Tuesday 24 April 2018

Social etiquette for interacting with PhD peers who complain *a lot*


People in my program complain a lot and usually not in good humor. How can I handle this socially and professionally?


Some of these people are my friends and some are no more than peers. In general I want to be respectful but not allow them to harangue me with complaints. Generally, much of this advice does not help.


For now, I try to avoid social gatherings with a high concentration of people from my program. When they get together, the complaints take over conversation. At the department, I can spot someone (or a group) having a stress crisis from a distance, and I keep my distance.


I certainly hope that this climate does not continue into faculty life.


[Migrated from other question here. There were some useful pieces of advice, so I hope that respondents will move their points]



Answer



(as suggested by jabberwocky, I have moved the last part of my answer from here to this question)

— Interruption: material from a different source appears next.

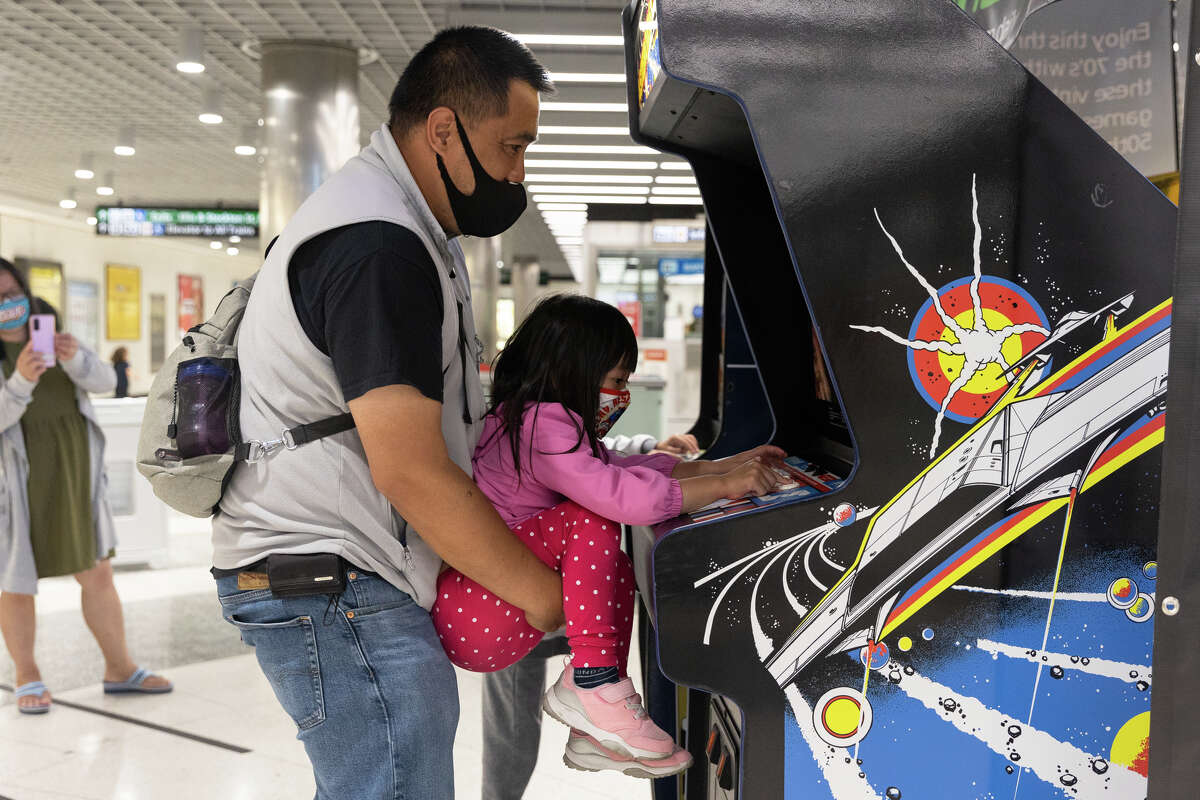 Matt Lee sostiene a su hija frente a una máquina recreativa antigua para que pueda jugar Asteroids en la estación BART de Powell Street en San Francisco el 3 de septiembre de 2022.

Kvetching is a perfectly normal part of mental and social hygiene, but to what extent depends on the person. It is also a self-affirming activity: If complaining leads to positive social experiences (people you talk to relate to your experiences and opinions and share them), you will do this more often. If unchecked, this vicious circle can easily cross your tolerance threshold for complaining (which is different for each person). So, first of all you should keep in mind that "too much complaining" is your subjective view, not an objective truth (absent a concrete case of someone spending the day complaining instead of working and then failing to meet a deadline). Of course, if you'd rather have less complaining around you, it's perfectly legitimate to try to break that circle.



The best strategy (outside of avoiding complaining peers, which you apparently now follow) is often to lead by example: Do not respond to complaining with your own complaints (especially not with ones about their complaining), but try to steer the conversation to happier grounds by



  • getting them to relate positive experiences about their PhD;

  • mentioning ones you might have had (without showing off -- this one can be tricky);

  • taking an interest in their lives outside of academia.


In short, show them that they can have positive social interactions without complaining. If enough people around you feel the same way as you do, this usually works.


To your final remark: This is by no means limited to PhD students (or even academia) -- you get similar "hot spots" among early-career faculty simultaneously applying for permanent positions (in Europe) or trying to get tenure (in the US), or among tenured faculty of any seniority any time a major evaluation (of a grant or institute) or reaccreditation is imminent.